-
Scraping with Solvent
Posted on February 21st, 2009 No commentsThe Solvent extension for FireFox lets us write screen scrapers that turn a web page into RDF data. The data in this format is intended to feel into their Piggy Bank package, but for my purposes I will be using the generated scraping script to covert data read by the Crowbar application into RDF. From there, it becomes easy to convert it to any format I need and save it to the database.

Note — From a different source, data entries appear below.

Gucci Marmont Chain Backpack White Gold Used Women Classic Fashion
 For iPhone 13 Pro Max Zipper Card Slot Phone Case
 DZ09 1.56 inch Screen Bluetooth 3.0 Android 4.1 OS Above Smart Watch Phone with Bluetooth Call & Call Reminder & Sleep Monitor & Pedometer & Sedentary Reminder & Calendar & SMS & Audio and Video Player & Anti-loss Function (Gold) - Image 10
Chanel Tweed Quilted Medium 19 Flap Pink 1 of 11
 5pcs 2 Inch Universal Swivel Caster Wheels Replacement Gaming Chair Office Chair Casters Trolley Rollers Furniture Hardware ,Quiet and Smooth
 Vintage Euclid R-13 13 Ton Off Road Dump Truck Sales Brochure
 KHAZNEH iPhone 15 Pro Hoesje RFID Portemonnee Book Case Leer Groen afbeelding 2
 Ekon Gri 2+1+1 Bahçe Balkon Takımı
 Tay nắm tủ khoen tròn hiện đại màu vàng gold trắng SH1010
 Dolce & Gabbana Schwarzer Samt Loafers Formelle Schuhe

Unfortunately Solvent requires Piggy Bank, which doesn’t work with FireFox 3. Not being willing to remove my 3.0.6 installation, I needed a way to get a version 2 installed at the same time. I found some simple instructions: Firefox 2 and 3 Living Together in Harmony. My install was slightly different than the one described because I wanted to keep my existing profile for version 3 and use the newly created one for version 2. Also, I did this with the latest version of 2.x, which you can find at www.mozilla.com/en-US/firefox/all-older.html.
After making a test scraper and uloading to a web server, I tried it with Crowbar using the -mode=scrape option, and sure enough it returned an RDF/XML document.
There are a few bugs with Crowbar – the one that immediately caused me problems was non-encoded ampersand characters. It’s otherwise such a useful tool that I will definitely be spending some time on it.